So how does Kenna deal with that bombshell?

She decides to throw herself the party of a lifetime and invites her old band who she used to play with 20 years ago to a Mexican restaurant in New Mexico. They all get together, their old lives unfold and they reconnect. It’s a story of loss, grief, happiness, love and joy, and even though the subject matter seems quite depressing, it is actually an uplifting, joyous show.

And the story is all woven together with the music of the late, great Roy Orbison.

Noël Sullivan (Donovan) Sian Reese Williams (Jane) In Dreams rehearsals. Photo – Pamela Raith

I was sceptical when I heard that, but I listened to the songs that they picked, and there are a load of old songs you will know so well that you don’t even realise they are Roy Orbison songs, The theatricality of the songwriting is so beautiful and Roy’s voice was very specific, but we have such different singers in the show – rock singers, soul singers, musical theatre performers, and you add theatre. Nothing for me feels shoehorned in for the sake of doing a Roy Orbison number, he’s got another fan in me as I don’t grow up on Roy Orbison music at all, but, oh my god, they are so beautiful.

Tell me about your character?

I play Donovan, who was the lead guitarist of the band Heartbreak Radio, who Keena was the lead singer of, and I’m married to Jane who was the bass guitarist.  I’m now a banker, we’ve got five kids, and life is very different to the life on the road that we had 20 years ago. My story within this story is to kind of reconnect and find a fresh love for my wife as we’ve been bogged down by the day to day drudgery of raising a huge family.

There’s some big hitters in this cast.

Lena Hall plays our singer Jenna, and she won a Tony for Hedwig and the Angry Inch and has done all the Broadway shows. Oli Tompsett who I’ve been a huge fan of for years, and in fact at one point we job swapped as he went into We Will Rock You in the West End and I went into Rock of ages. We’re quite similar casting so we’ve never worked together before.

And one of your co-stars is bringing a bit of home into the rehearsal room.

Sian Reese-Williams is a wonderful Welsh actress, people might know her from Emmerdale. I’m Welsh too, and she’s playing my wife, so it’s been nice to have the Welsh connection.

You’ve starred in some very established West End shows, so how are you finding the challenge of creating a show from scratch?

I love it and it’s the reason why I took the job in the first place, it’s very rare in this day and age you get to be part of a brand new show, and the beauty of it is using your creativity. Whatever you come up with in the scene when they get up on their feet you’re essentially creating the track for anybody who will come after you, which is amazing.

Why does that matter?

I’ve gone into shows that exist so many times you go over there and do it like this and stand over there, but that track is created initially by someone, so to be part of that process of a new show is amazing.

I hear David West Read is very hands-on as the show comes to life in the rehearsal space.

We’ve got the writer in the room, so he is really changing things to suit us as actors and the characters that we’re building.

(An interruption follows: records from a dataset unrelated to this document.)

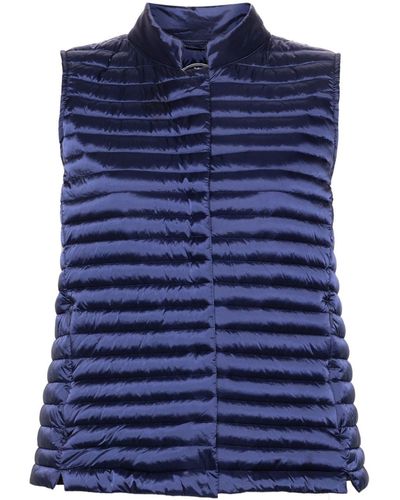 Save The Duck Aria Quilted Vest - Blue
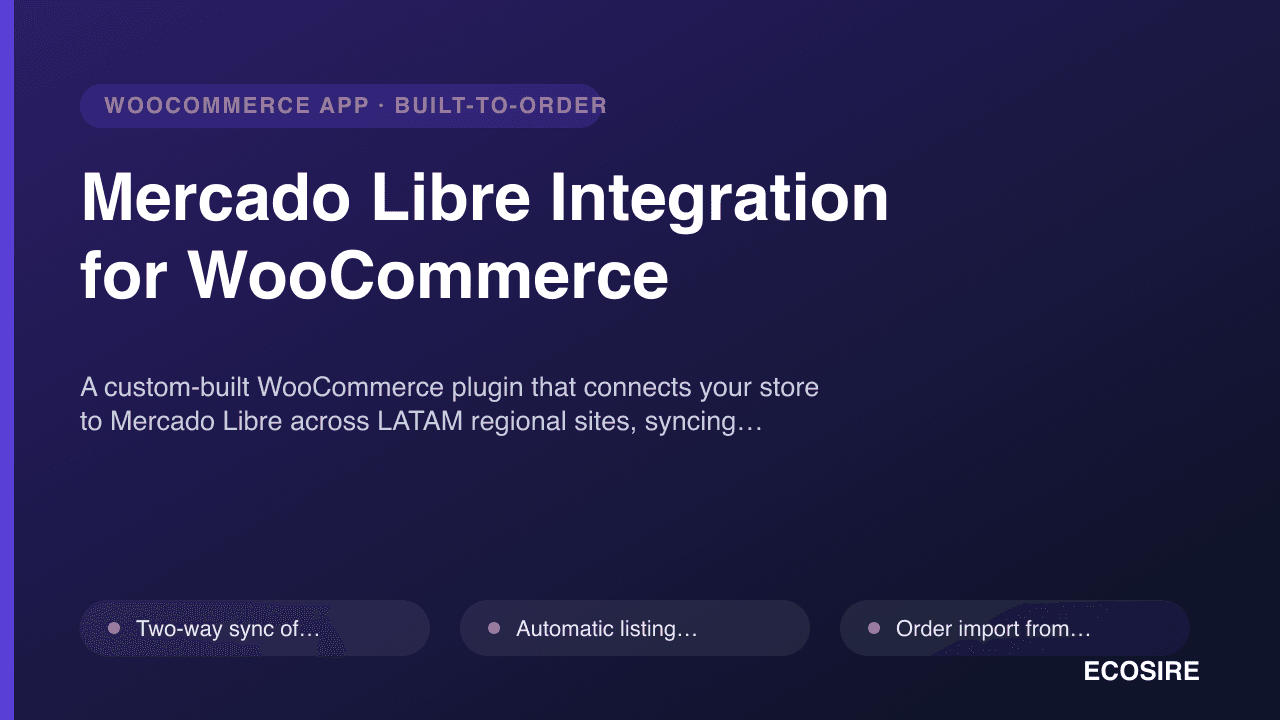 Mercado Libre Integration for WooCommerce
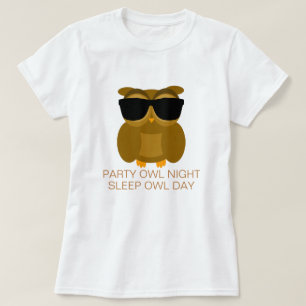 Party Owl Night T-Shirt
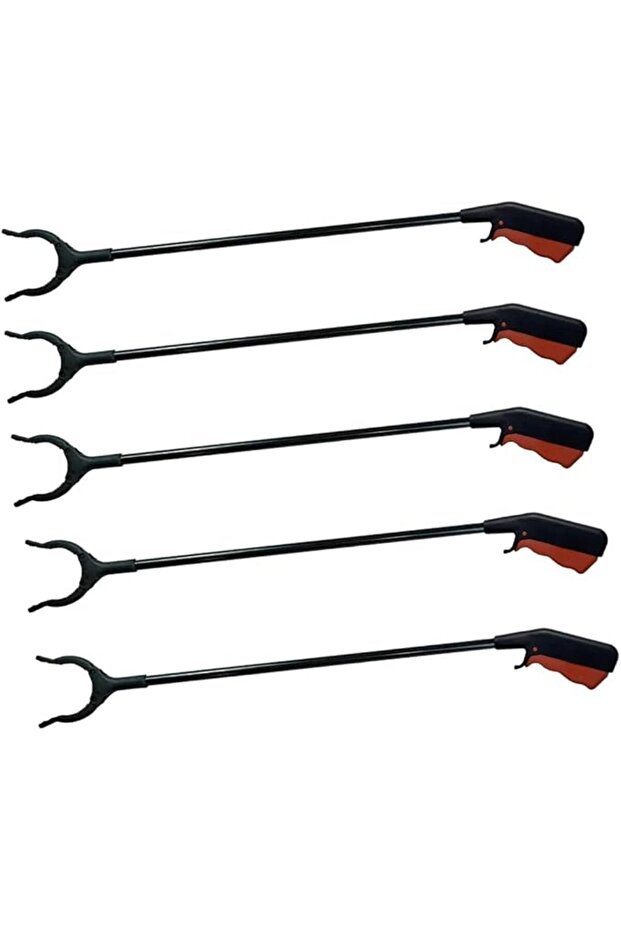 Multi Purpose Waste Picker Easy Reaching Trash Garbage Pick Up Grabber Reacher Tool Black (5)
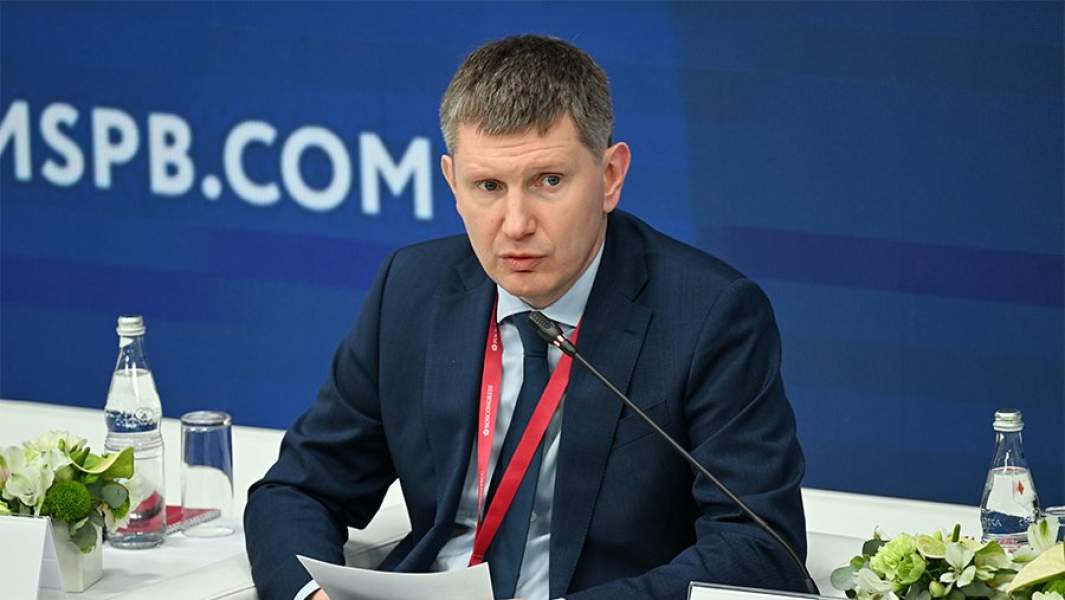 Максим Решетников на ПМЭФ-2023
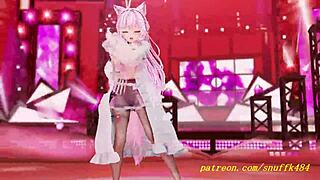 novr mmd koyori's seductive 3d hololive hentai dance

So he’ll go home at the end of the day and come back the next day and say I think the way you’re doing it will sound better like this. It’s just a gift as you never get to work like this.

Were you a fan of the wonderfully inclusive world the Rose family lived in?

I love Schitt’s Creek but I never get starstruck by those things, I find it fascinating and feel really lucky to be working with him. Definitely his comedy flavour is in this piece completely, but they are also handling some much weightier things that I think Schitt’s Creek ever had to deal with. As opposed to being all comedy guns blazing it’s a funny night out, but it also has a lot of heart as well.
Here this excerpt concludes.